Trata-se de um projeto de 11 mil milhões de dólares que precisará de um milhão de metros cúbicos de água diários, reciclados através de um sistema de irrigação subterrâneo que reusa águas residuais.
"Os efeitos diretos vão contribuir para reduzir a temperatura normal em 1 ou 2 graus Celsius", assegura o encarregado do projeto, Abdelaziz al Moqbel. "Vamos melhorar a qualidade de vida, o que vai melhorar o marco urbano e reduzir a contaminação do ar e a poeira. Isso vai favorecer as relações sociais entre as pessoas e vai melhorar sua saúde", acrescentou.
"Reintroduzir árvores no deserto é muito virtuoso, ganhamos em frescor", avalia Cédissia About. "A questão é saber se usam produtos que afugentam as aves e os insetos quando o principal objetivo é aumentar a biodiversidade".
Jean Haentjens questiona: "quem irá a estes jardins quando toda a gente vive com ar condicionado" neste país?
Corredores verdes em Medellín
As ruas careciam de natureza, sufocadas pelo calor e abandonadas aos resíduos e aos toxicodependentes. A prefeitura da cidade colombiana transformou 18 ruas e 12 vias fluviais em 30 "corredores verdes" com árvores e flores, "conectados" em rede aos espaços verdes já existentes - parques públicos ou jardins privados.
Uma continuidade verde que permitiu a Medellín, a segunda cidade da Colômbia, a reduzir a temperatura em 2º C, ajudar a purificar o ar, conseguir atrair de volta as abelhas e os pássaros, unir os moradores e criar empregos para jardineiros, segundo um vídeo da prefeitura sobre esta ideia, lançada em 2016.
O projeto recebeu múltiplos prémios - em 2019 obteve o Aschden Award e o C40 Cities Bloomberg Philanthropies Award - por ter "melhorado a biodiversidade", "reduzido o calor" e "contribuído para o bem-estar dos cidadãos", segundo o portal C40Cities.

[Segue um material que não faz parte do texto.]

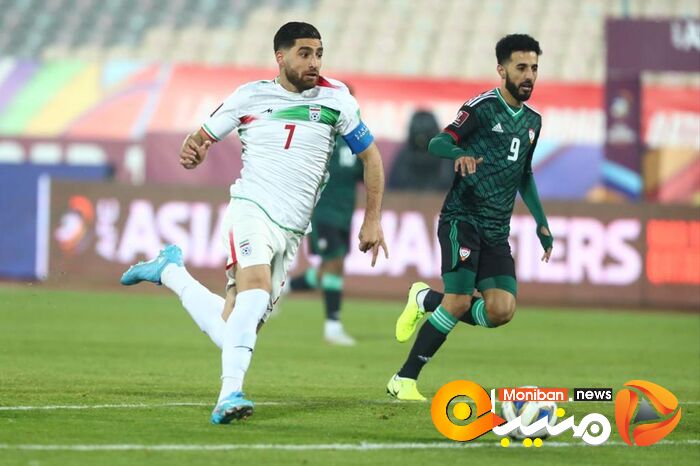 بازی تیم ملی ایران مقابل امارات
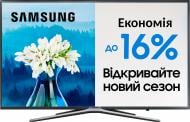 Телевізор Samsung UE32M5500AUXUA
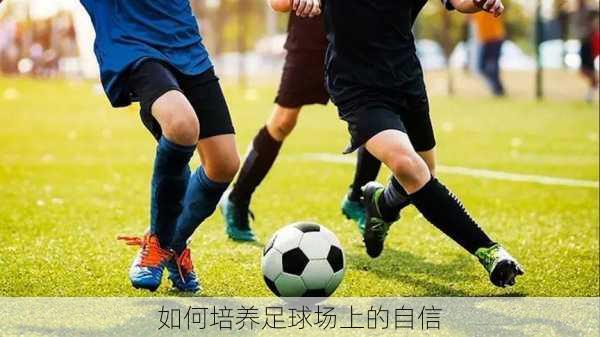 如何培养足球场上的自信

"É um dos melhores exemplos (de repopulação vegetal) impulsado por uma política que aumenta a biodiversidade com uma dimensão social", comenta Philippe Simay.
"É melhor quando se pensa em larga escala em termos de continuidade ecológica. Tem um impacto real", confirma Claire Doussard. "Houve uma verdadeira reflexão na escala da cidade sobre os espaços escolhidos, a habitabilidade e as limitações".
Selva sobre prédios em Chengdu
Visto do alto, parece um ramalhete de imóveis com vegetação entre a cidade de pedra e cimento.
São oito edifícios com plantas exuberantes nos terraços dos apartamentos de um bairro residencial de Chengdu, capital de Sichuan, no sudoeste da China. Trata-se de um projeto experimental, batizado de "Jardim Florestal de Qiyi", lançado em 2018 e localizado sobre uma autoestrada com oito pistas.
Em algumas partes, as pessoas vivem ali como numa casa instalada numa árvore no meio de uma floresta tropical. A qualidade do ar "é boa quando você acorda de manhã. Ver estas árvores repletas de vegetação faz bem para nós, os idosos", afirma Lin Dengying, um residente.
Em outras, a natureza parece recuperar os lugares e a selva invadiu as varandas, cobriu muros e subiu de um andar para outro.
Em setembro, o jornal semioficial Global Times falava da escassa taxa de ocupação dos 826 apartamentos, que segundo seus inquilinos se deveria à presença de muitos mosquitos, que proliferam com a vegetação.
Claire Doussard destaca a importância para este tipo de projetos em pensar no impacto ambiental, mas também na "manutenção" e na "habitabilidade".